_The task_
Your response to the data below should hold nothing except the lines from the one containing "Rozsa Apartman" down to the one containing "Namdaecheon scenery seen", reproduced exactly and without pictures.

_Source information_

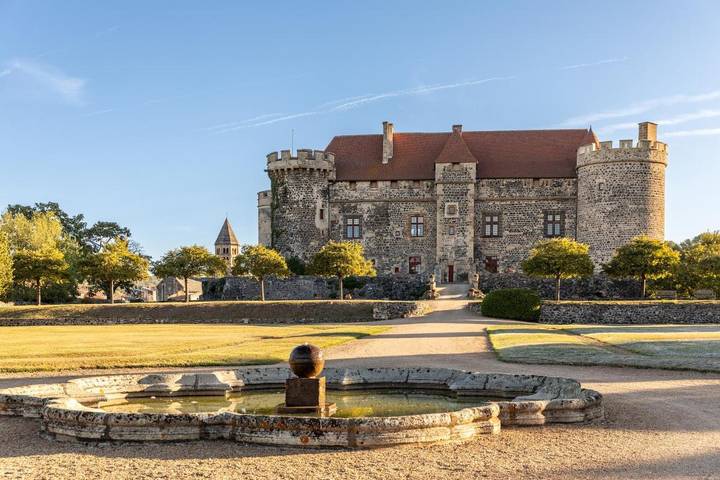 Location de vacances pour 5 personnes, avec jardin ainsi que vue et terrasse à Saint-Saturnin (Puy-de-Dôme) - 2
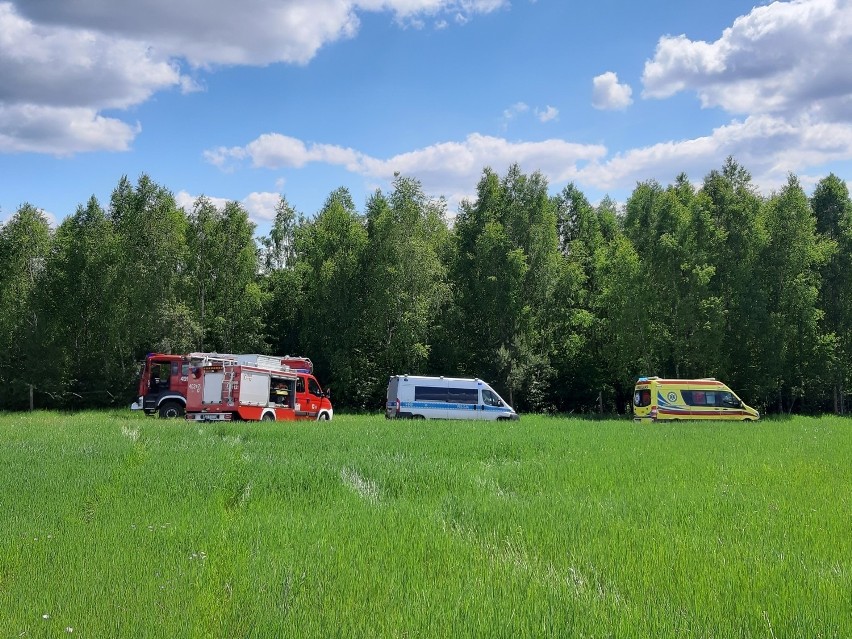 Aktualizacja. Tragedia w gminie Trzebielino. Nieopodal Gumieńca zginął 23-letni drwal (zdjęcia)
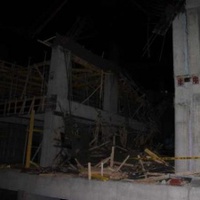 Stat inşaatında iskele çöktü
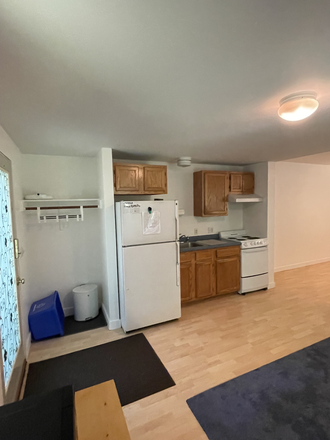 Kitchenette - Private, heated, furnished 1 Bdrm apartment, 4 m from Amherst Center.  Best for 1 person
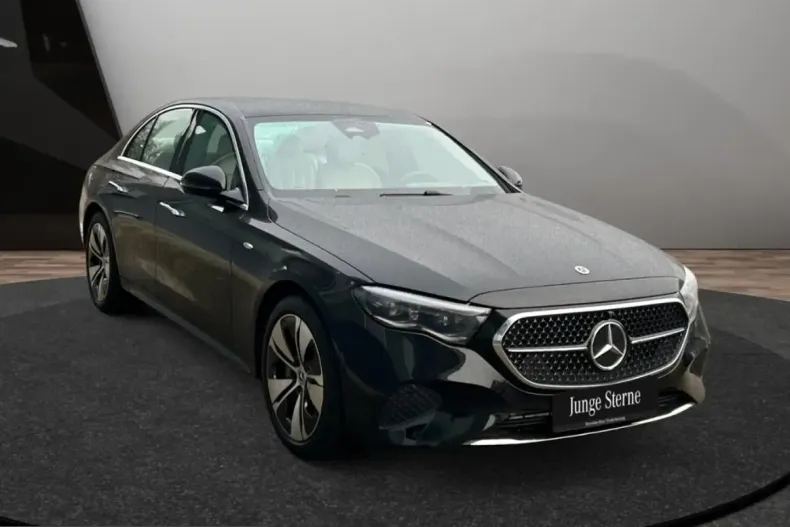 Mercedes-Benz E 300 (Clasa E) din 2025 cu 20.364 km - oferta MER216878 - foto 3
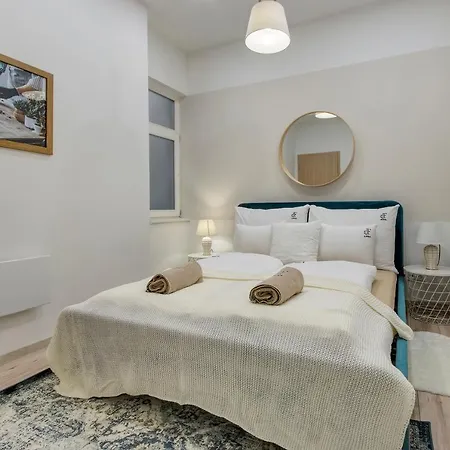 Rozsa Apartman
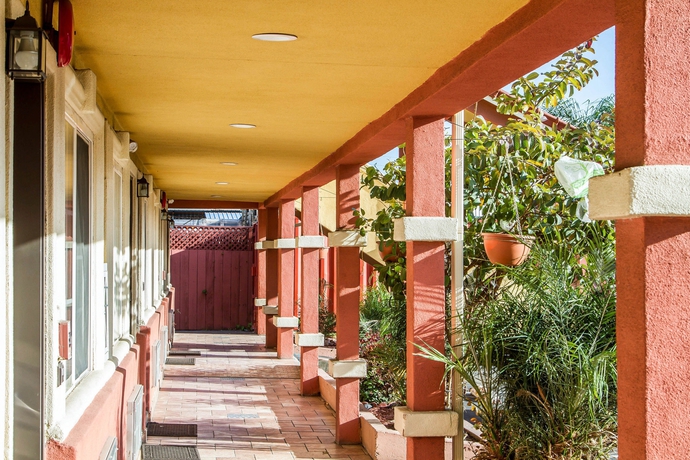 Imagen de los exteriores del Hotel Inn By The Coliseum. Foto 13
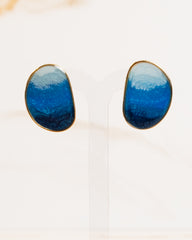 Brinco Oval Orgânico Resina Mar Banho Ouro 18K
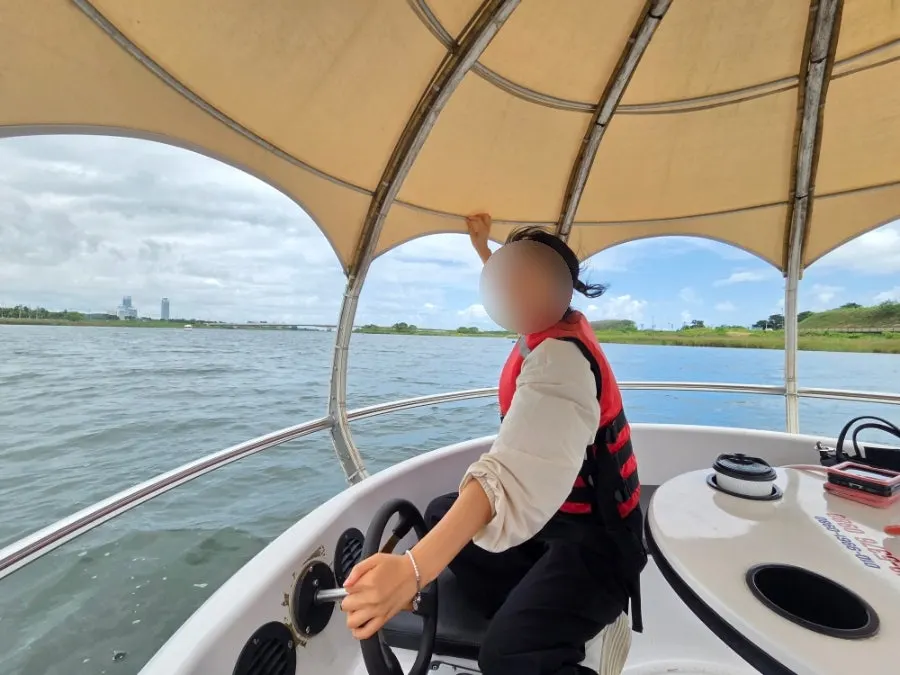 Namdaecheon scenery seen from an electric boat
* * *
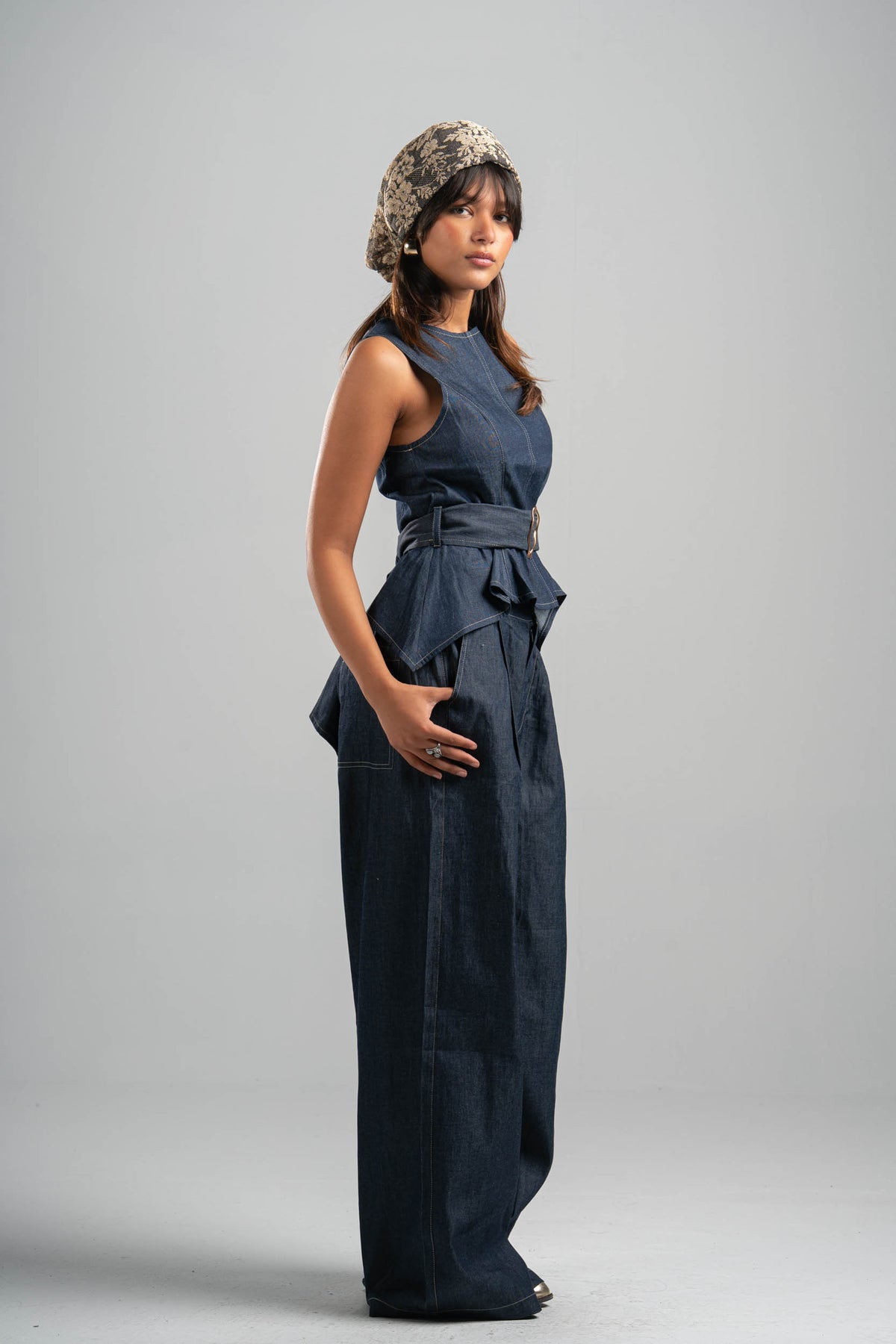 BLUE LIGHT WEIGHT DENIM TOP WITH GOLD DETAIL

_Exercise result_
 Rozsa Apartman
 Imagen de los exteriores del Hotel Inn By The Coliseum. Foto 13
 Brinco Oval Orgânico Resina Mar Banho Ouro 18K
 Namdaecheon scenery seen from an electric boat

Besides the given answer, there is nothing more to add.